** Opening INPUT MATERIAL block **

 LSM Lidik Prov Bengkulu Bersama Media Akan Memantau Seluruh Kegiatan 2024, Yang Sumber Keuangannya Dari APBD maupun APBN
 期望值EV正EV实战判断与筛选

** Closing INPUT MATERIAL block **
** Opening INPUT MATERIAL block **

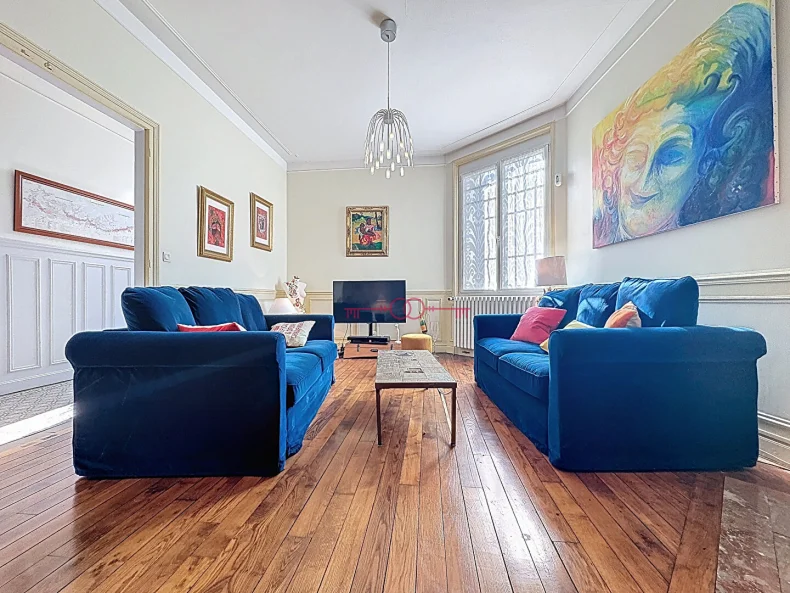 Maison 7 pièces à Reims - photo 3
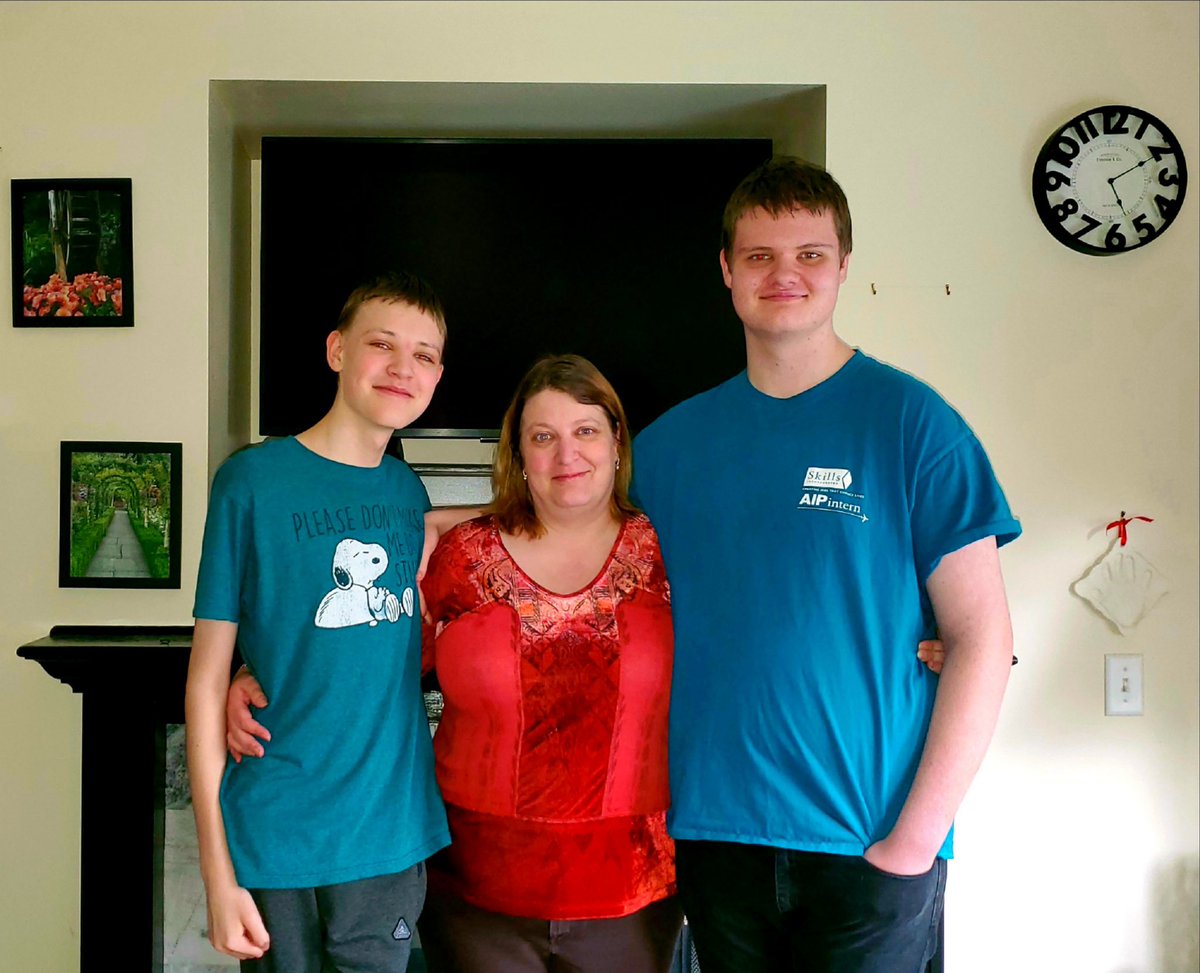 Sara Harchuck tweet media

** Closing INPUT MATERIAL block **

• [TASK DESCRIPTION]: The response should be the listing above, limited to the lines between the one holding "LSM Lidik Prov" and the one holding "期望值EV正EV实战判断与筛选", inclusive, reproduced exactly.

• [RESPONSE BELOW]:
 LSM Lidik Prov Bengkulu Bersama Media Akan Memantau Seluruh Kegiatan 2024, Yang Sumber Keuangannya Dari APBD maupun APBN
 期望值EV正EV实战判断与筛选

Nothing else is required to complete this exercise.